Simon Hureau et Intrus à l’étrange ont décroché le prix Nouvelle
République au festival de Blois. Plongée dans un travail à l’encre ambitieux et très personnel.
Le titre, Intrus à l’étrange, le choix de l’encre en noir et blanc, le papier d’une superbe qualité, c’est vous qui avez pu les choisir pour cette œuvre très personnelle ?
« Oui, j’ai réussi à faire passer mon titre, même si ça n’a pas été facile ! La boîte à bulles est une petite maison d’édition où l’on peut discuter de tous ces paramètres, qui n’a pas peur de suivre les auteurs quand ils changent de registre. C’est une chance. Nous avons opté pour le noir et blanc avec un lavis pour obtenir des gris, pour moi, cela révèle un style et un état d’esprit. On se concentre sur le dessin en ce qu’il a de narratif, sans artifice de séduction. Cela me permet de davantage me concentrer sur le contenu graphique, de m’attarder sur des détails. Je dessine avec des plumes de goéland que je ramasse sur la plage. C’est beaucoup plus souple, mais il m’en faut beaucoup car elles s’usent très vite. Je n’utilise la plume métallique que pour les textes, et le pinceau pour les lavis. »
Comment avez-vous construit votre histoire ?
« J’écris d’abord, puis je travaille des mois avant de montrer mon projet. Le retour de mon éditeur a été très constructif, je me retrouve bien dans ce livre. Je suis parti d’un fait divers qui m’avait particulièrement marqué pour construire une fiction. Je suis parti dans le Limousin que je ne connaissais pas, je cherchais un lieu de passage. Et j’ai été intrigué et séduit par la commune de Magna-l’étrange, ça m’a parlé. J’ai reconsidéré mon histoire pour qu’elle puisse s’y dérouler. »
Vous pourriez en imaginer une qui se déroule en bords de Loire ?

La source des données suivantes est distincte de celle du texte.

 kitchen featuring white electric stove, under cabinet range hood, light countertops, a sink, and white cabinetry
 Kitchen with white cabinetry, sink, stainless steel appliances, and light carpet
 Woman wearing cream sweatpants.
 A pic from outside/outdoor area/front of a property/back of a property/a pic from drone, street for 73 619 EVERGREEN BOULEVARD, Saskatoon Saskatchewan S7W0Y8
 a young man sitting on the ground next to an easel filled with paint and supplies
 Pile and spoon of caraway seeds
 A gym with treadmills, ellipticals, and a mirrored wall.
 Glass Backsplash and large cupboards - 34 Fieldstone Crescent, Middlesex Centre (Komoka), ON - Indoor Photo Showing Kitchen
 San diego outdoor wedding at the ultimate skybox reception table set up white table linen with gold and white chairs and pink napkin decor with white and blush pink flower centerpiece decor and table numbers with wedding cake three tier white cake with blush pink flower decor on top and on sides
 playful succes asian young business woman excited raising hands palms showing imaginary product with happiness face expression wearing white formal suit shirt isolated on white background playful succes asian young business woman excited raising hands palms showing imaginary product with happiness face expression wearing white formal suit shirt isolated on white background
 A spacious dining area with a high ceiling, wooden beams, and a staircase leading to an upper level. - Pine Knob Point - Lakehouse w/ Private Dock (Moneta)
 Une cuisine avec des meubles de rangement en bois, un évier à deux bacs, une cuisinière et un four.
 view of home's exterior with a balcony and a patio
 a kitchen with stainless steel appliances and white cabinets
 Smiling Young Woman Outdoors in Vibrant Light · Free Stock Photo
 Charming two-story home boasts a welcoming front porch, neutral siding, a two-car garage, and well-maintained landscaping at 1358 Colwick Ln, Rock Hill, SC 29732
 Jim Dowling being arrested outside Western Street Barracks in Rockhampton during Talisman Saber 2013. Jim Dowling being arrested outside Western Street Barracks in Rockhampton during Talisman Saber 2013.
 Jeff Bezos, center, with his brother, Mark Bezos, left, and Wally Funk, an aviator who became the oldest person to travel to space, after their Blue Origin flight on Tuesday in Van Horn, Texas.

« Tout à fait, je suis arrivé à Langeais il y a 4 ans, avec l’envie de quitter la Normandie, d’être proche de Tours qui est une ville attractive, bien située. Et la Touraine m’a séduit. Je suis arrivé tôt ce matin à Blois pour me promener en ville, ce patrimoine pour moi qui vient d’une région où tout a été démoli, c’est magique. Et avoir un festival de cette qualité, à la porte de chez soi, c’est une grande chance. J’aime beaucoup le terroir français, les régions un peu reculées dont on ne parle pas beaucoup en BD. Je trouve qu’il y a beaucoup à leur faire dire. »
Comment vivez-vous votre métier de jeune auteur ?
« C’est un peu l’aventure ! Je fais des petits contrats d’édition, mais je veux me donner essentiellement à mes projets personnels. Faire de la BD sérieusement, c’est s’y donner à temps plein. Il faut battre le fer tant qu’il est encore chaud, tant que l’envie est encore là. Chaque projet demande du temps et je ne veux pas arriver au bout épuisé. Mon plaisir, je le trouve dans la mise en scène, que je remets complètement en question à chaque nouvelle histoire. J’ai envie d’explorer toutes les pistes possibles, même si c’est dans un même univers. Je suis en train d’encrer des pages d’un récit de voyage en Chine conçu à deux auteurs, où nous avons croisé nos regards. Mais on ne sait pas si on trouvera un éditeur ! J’ai un album personnel qui est en passe d’être publié, mais La boîte à bulles me demande d’importants changements de rythme. Il faut que je prenne un nécessaire recul avant de m’y remettre et qu’il puisse sortir. »
Propos recueillis par Béatrice Bossard
- Intrus à l’étrange
- Auteur : Simon Hureau
- Editeur : La Boîte à bulles
- Prix : 24 €
- Sortie : le 3 juin 2011
- Le prix Nouvelle République distingue, depuis 1995, un auteur de la région de la zone de diffusion du quotidien.